„Nach den Wahlen gibt es wieder Chaos“

Der kongolesische Priester Achille Mutombo über das Verfassungsreferendum in seinem Land und die Folgen

taz: Es sieht so aus, dass die Wähler in der Demokratischen Republik Kongo für die neue Verfassung gestimmt haben, die den Weg zu freien Wahlen 2006 ebnet. Ist das ein Fortschritt Richtung Demokratie?

Achille Mutombo: Es war eine Gelegenheit für die Bevölkerung, sich bewusster zu werden, wie sie manipuliert werden kann. Wenn es in sechs Monaten Wahlen gibt, wird es viel schwieriger sein, die Bevölkerung zu manipulieren.

Was für Manipulation?

Die Bevölkerung wusste nicht, worum es ging. Es hat vier Versionen der Verfassung gegeben, das Amtsblatt der Regierung hat innerhalb von zehn Tagen zwei verschiedene veröffentlicht. Worüber sollten die Leute also abstimmen? Und einige Politiker aus dem Westen haben den Kongolesen gesagt: Wenn sie nicht mit Ja stimmen, wird es kein Geld vom Ausland mehr geben.

Die Verfassung ist aber inhaltlich nicht schlecht, mit der Dezentralisierung …

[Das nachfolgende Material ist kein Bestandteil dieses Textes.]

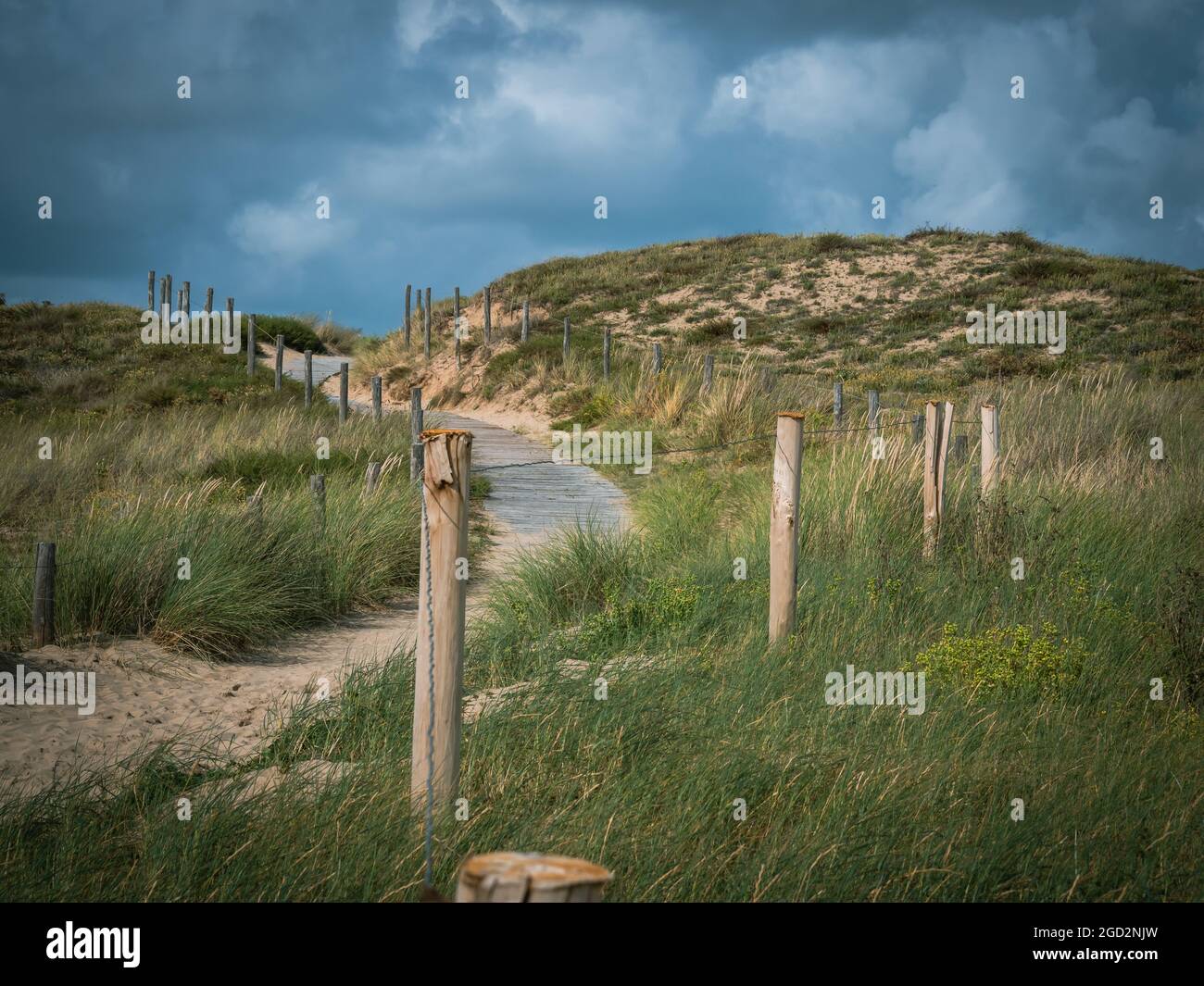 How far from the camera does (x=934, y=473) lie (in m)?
8.23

Die Dezentralisierung haben wir schon vor 13 Jahren besprochen, bei der Souveränen Nationalkonferenz (politische Reformkonferenz im damaligen Zaire, die Wahlen vorbereiten sollte und schließlich von Diktator Mobutu aufgelöst wurde – d. Red.). Die Nationalkonferenz hat eine Verfassung geschrieben, und die hätte man jetzt dem Volk vorlegen können. Es geht nicht um Dezentralisierung, sondern um andere Probleme: die Nationalitätenfrage – ein großes Problem vor allem im Osten; die Souveränität über das gesamte Territorium; und die Machtaufteilung zwischen Premierminister und Präsident.

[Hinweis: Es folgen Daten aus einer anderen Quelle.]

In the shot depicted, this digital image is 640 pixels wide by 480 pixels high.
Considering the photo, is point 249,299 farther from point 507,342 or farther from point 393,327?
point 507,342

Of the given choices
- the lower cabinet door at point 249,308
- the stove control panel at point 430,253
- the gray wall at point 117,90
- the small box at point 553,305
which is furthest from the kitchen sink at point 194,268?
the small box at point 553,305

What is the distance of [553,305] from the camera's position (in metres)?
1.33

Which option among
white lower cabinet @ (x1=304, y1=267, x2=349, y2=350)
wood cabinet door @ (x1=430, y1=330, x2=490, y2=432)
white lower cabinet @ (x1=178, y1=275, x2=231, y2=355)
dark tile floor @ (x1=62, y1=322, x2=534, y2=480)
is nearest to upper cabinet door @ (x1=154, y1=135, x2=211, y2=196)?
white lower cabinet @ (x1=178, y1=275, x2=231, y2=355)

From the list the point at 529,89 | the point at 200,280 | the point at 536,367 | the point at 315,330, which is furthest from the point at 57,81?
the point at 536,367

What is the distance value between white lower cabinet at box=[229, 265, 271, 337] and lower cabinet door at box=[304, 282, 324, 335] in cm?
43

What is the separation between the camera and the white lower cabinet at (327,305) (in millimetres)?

Wird Kongo nach den Wahlen eine stabile Demokratie?

Ich habe den Eindruck, dass im Westen die Meinung vertreten wird, man muss unbedingt Wahlen machen, damit einige Politiker nicht ihr Gesicht verlieren. Sie sagen: Wahlen, egal wie, dann haben wir unsere Aufgabe gemacht, und was dann passiert, ist egal. Aber wenn man die Probleme nicht löst, gibt es hinterher wieder Chaos.

Welche Probleme?

Die, die ich genannt habe, und dann auch: Wenn die jetzigen Machthaber die Wahlen verlieren – hat eine gewählte Regierung das Recht, sie vor Gericht zu stellen? Sie haben sich schamlos bereichert, sie schließen Verträge mit Firmen ab, die Mineralien ausbeuten – wie wird eine Regierung, die durch Wahlen legitimiert ist, das stoppen können?

Was raten Sie der internationalen Gemeinschaft für die nächsten sechs Monate?

Sie soll aufhören, sich einzumischen. Das kongolesische Volk ist wach und in der Lage, sich selbst zu organisieren.

Aber ohne internationale Einmischung machen die Warlords, was sie wollen …

Nein! Das internationale Geld bereichert ja gerade diese Leute. Sie haben die Waffen, die Bevölkerung ist unbewaffnet. Sie sollen die Waffen abgeben.

Dafür braucht man mehr Druck von außen.

Diesen Druck könnte die internationale Gemeinschaft schon jetzt ausüben. Wieso tut sie es nicht?